Koago nodded, smiled. A swelling sense of pride billowed from him. Lilac eyes shone in the darkness—what he wanted to happen will happen. "I am filled with a pride for you, my disciple. Before we return to sparring, let me be clear.
"Dialectics is both a process and a Law. At its base, it is nothing but the process for discursive action and investigative inquiry to prove something's truthfulness or realness. This is dialectics as it is used in the fields of rhetoric and communication.
"At a higher, more philosophical level, it is the metaphysical fundamentality of interaction and negation. That all things are constantly interacting, negating, and inevitably changing. It is the fact that violence arises from one's self and will return to one's self.
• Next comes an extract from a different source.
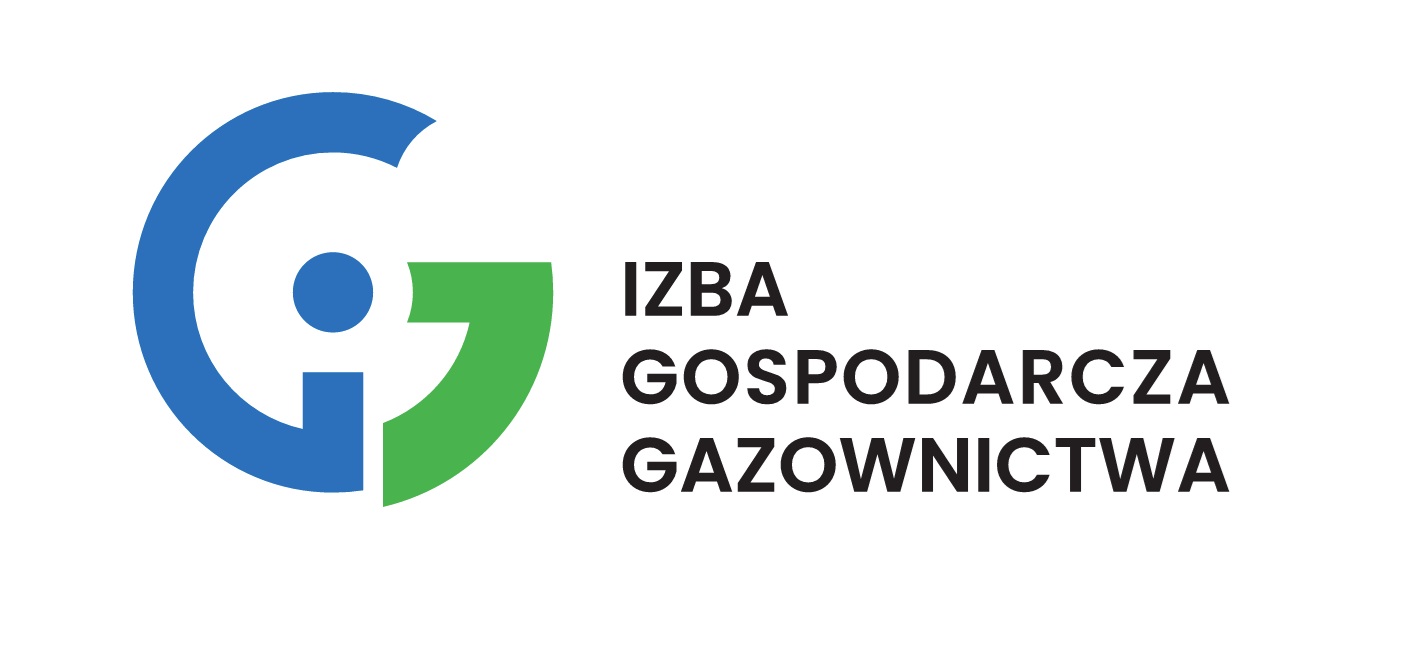 LOGO poziom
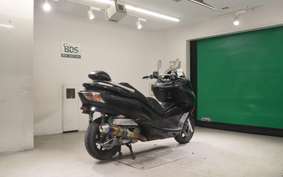 HONDA FORZA Z GEN 2 2014 MF10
"And finally, with this realization, one realizes that as dialectics states that the new form of something is both separate from its origin and ultimately part of the wholeness of its thing of origin, one realizes the truth of nonduality. All things are an interdependent web of interpenetrating bloody spears, never unlashed, particles in the longest explosion ever known to man."
Xing nodded. She readied her blade. She had gotten used to wielding it, she had similar experiences wielding dancing batons. "How does this apply to martial arts, master?"
"The Diamat Sword applies the principles and philosophies of the metaphysical truth of Dialectics. Thusly: every strike has a negation. No matter how strong the strike. And from the negation arises a new strike—let it be yours. But respect your opponent's weapon, and respect your opponent's Art."
Koago rushed forward, blade cutting a horizontal line. "Ready yourself!"